第18話

 トウキが私のもとに訪れから3日たった。

 あれからこれといって変わったことはない。


 トウキは冷凍ベリーが大好きだった。

 やはりこの子達の好みは違うみたいだ。


 トウキは冷凍ベリーを食べた後、私の足にしがみついて足を叩きまくった。

 おかわりの催促だろうがそこまで甘やかさない。

 タワシはおかわりの催促はしてこなかった。そこは我慢してほしい。


 その日は右足が少し重かった。トウキからの意趣返しだろうか。


 この3日間、暇な時はトウキとの質問のやりとりを行っていた。

 ちょっとしたゲームみたいで楽しかった。


 結局タワシたちが何なのかはわからないが、ここ数年ずっと一人で暮らしていた私にとってはこのコミュニケーションがとても心地よかった。


 というかタワシだけだと何が言いたいのか分らないからとても助かっている。


 今まで問いかけた質問で一番気になっているのは、

「どうやって家の中に入ってきているのか」

 という質問である。


 トウキが初めて来た日の夜、私はしっかりと戸締りをして就寝した。

 次の日、朝ごはんを準備している時にタワシ達はキッチンへやってきた。

 私は家のどこか穴が開いているのではないかと心配になる。


 その日この疑問をトウキに質問した。

「ドア、窓、天井、床、抜け穴がある」この5つのどれかから入ってきているのかと。

 この問いにすべて「いいえ」と答えてきた。


 私は他に室内に入れそうな場所がないか考えたが、考えつかなかった。

 質問の仕方が悪かったのかもしれない。


 まさか壁を通り抜けているのかとも思った。だが本当にタワシ達が壁抜けをやっていたらとても怖い。

「君たちは幽霊なの?」とは聞けなかった。

 その質問で今の関係性を壊したくはない。


 今度ヘルパーさんにもう一度確認すべきだろうか?

 だが肩の事をもう一度聞いて頭がおかしくなったとヘルパーさんに思われるのは嫌だ。


 ましてや意思の疎通ができるんだと言ったら誰か信じてくれるだろうか?

 誰かに「これは夢でした」と言われたら私はやっぱりと思うだろう。


 あと分かったことはタワシとトウキは性格がかなり違う。

 これは人間と同じでちょっと安心した。

 タワシは好奇心旺盛。
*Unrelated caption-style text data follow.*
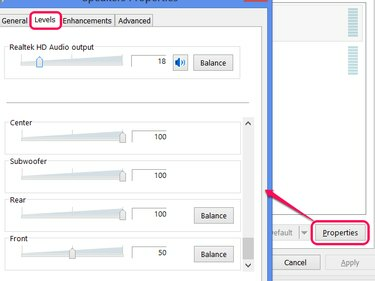 Níveis de volume do dispositivo.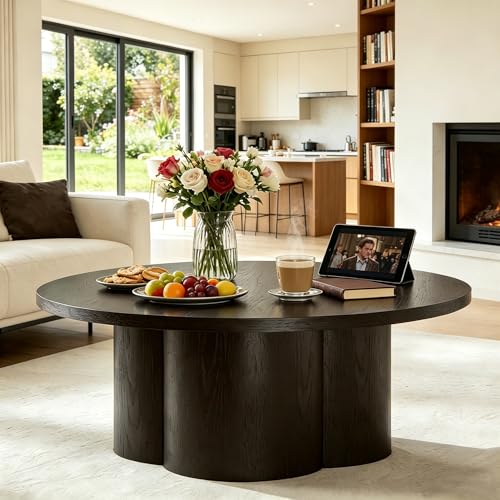 33” Round Wood Coffee Table Small Center Table MDF Side Table Dinning Table Living Room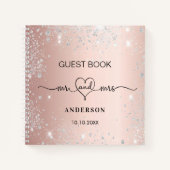ゲストブック結婚のバラ金ゴールド銀グリッターハート ノートブック (正面)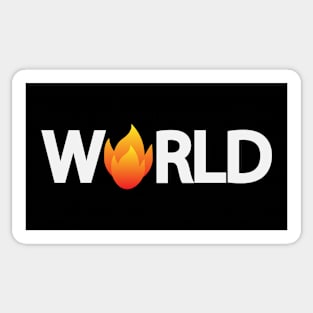 The world is on fire text design Sticker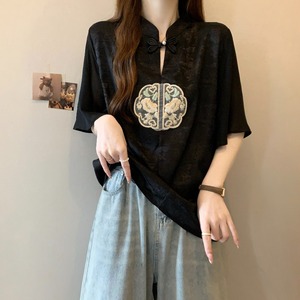 大码女装夏季新中式国风刺绣黑色雪纺短袖衬衫胖mm遮肚七分袖上衣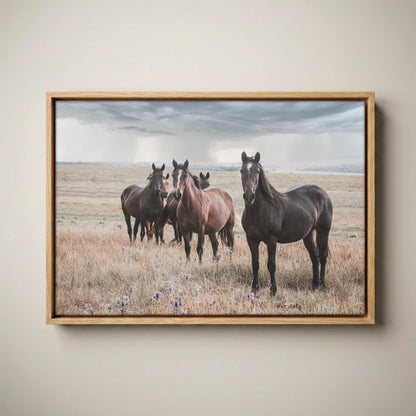 Wild Horses Wall Decor - Rustic Western Horse Art Stormy Sky Canvas-Natural Oak Float Frame / 12 x 18 Inches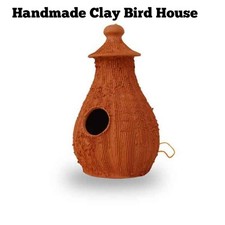 Eco-friendly Natural Clay Hanging Birdhouse for Outdoor Home/Hotel Garden Decor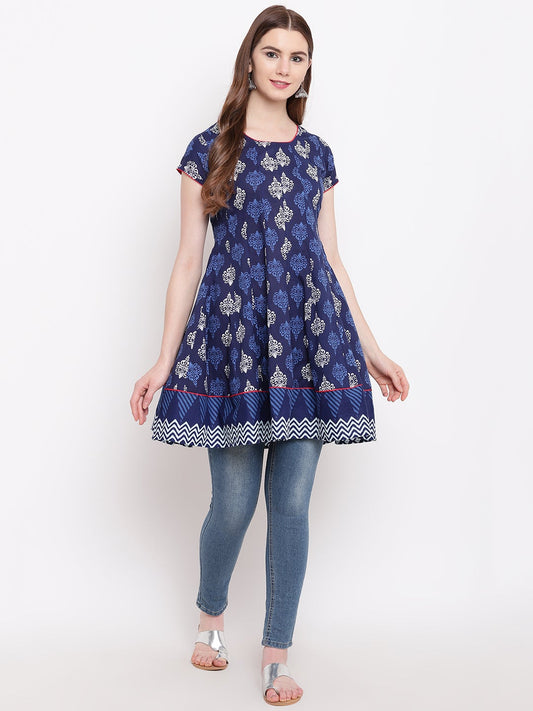 Women'S Indigo Short Kurti | LASVINI - Redefining Indian Fashion with Elegance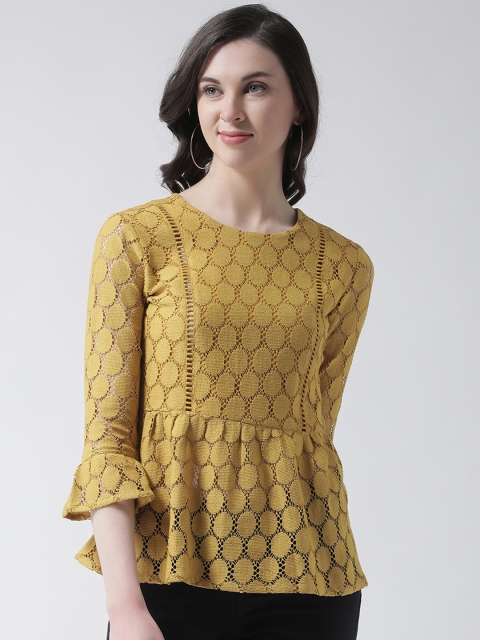 Aayna Women Mustard Self Design Peplum Pure Cotton Top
トウキはたぶん面倒見がいいタイプだろう。

 おそらくだけど、トウキはタワシが気になって我が家に来た可能性が高い。


 前に質問でトウキはタワシのことを仲間と言っていたが、あくまで同じ森で生活しているということなんだろう。

 どう考えても同じ生き物だとは思えない。まぁタワシがこれから大きくなる可能性はあると思うが。
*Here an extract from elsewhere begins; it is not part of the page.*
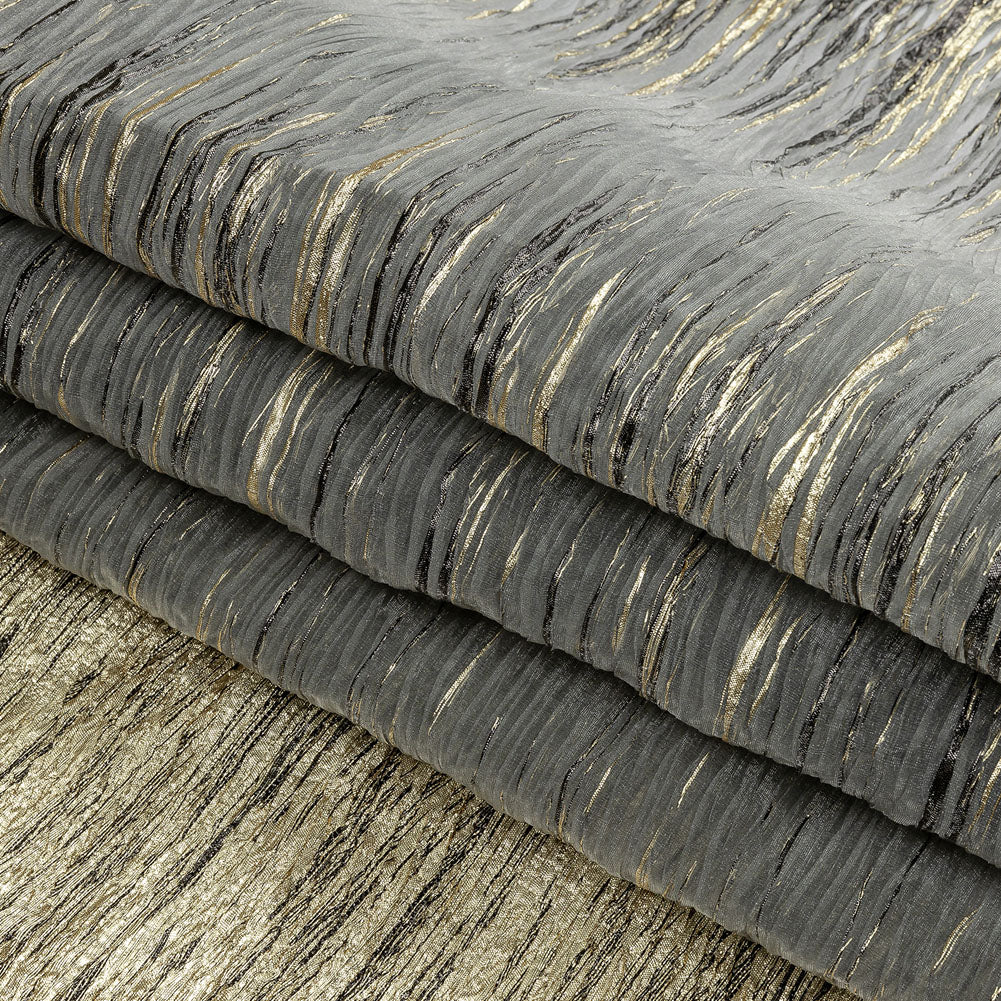 Metallic Gold and Black Striated Luxury Burnout Plisse Brocade with Scalloped Edges Metallic Gold and Black Striated Luxury Burnout Plisse Brocade with Scalloped Edges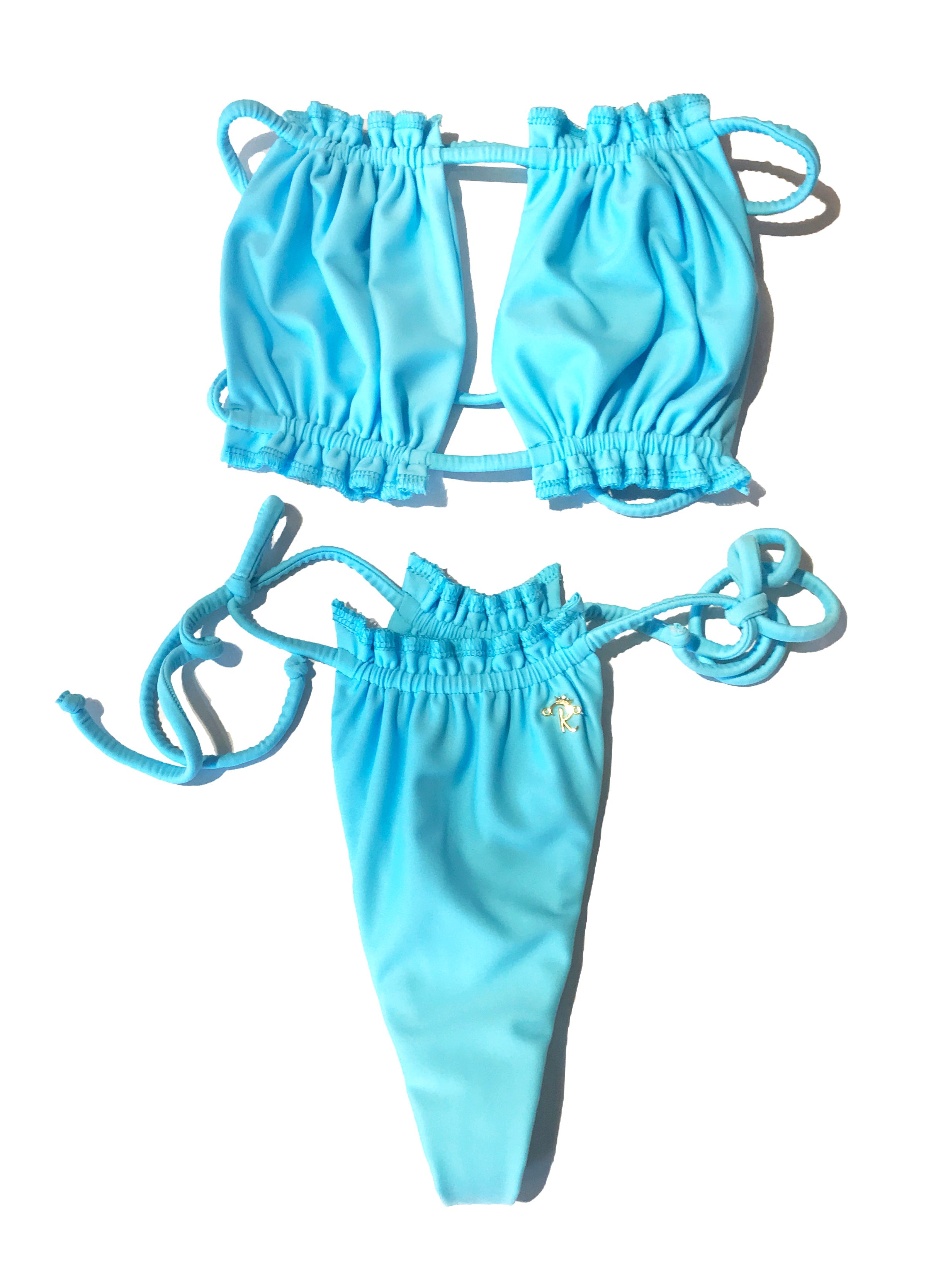 Haut bandeau et bas string Candy - Bleu bébé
 それと私が花壇と家庭菜園に水やりをするときに彼らは私の体から離れるようになった。

 野菜や花に興味があるのだろうか。野菜は収穫するまでは手を付けないでほしい。

 トウキに聞いたら「食べてない」と言っていたので信用しよう。


 今まで紹介してなかったが花壇には母が生前に良く育てていた花を育てている。

 私が退院した時に「これから毎日、何をやればいいだろうか」と所長さんに相談した。すると荒れていた花壇をきれいに掃除してくれた。母のように花を育てることを勧められた。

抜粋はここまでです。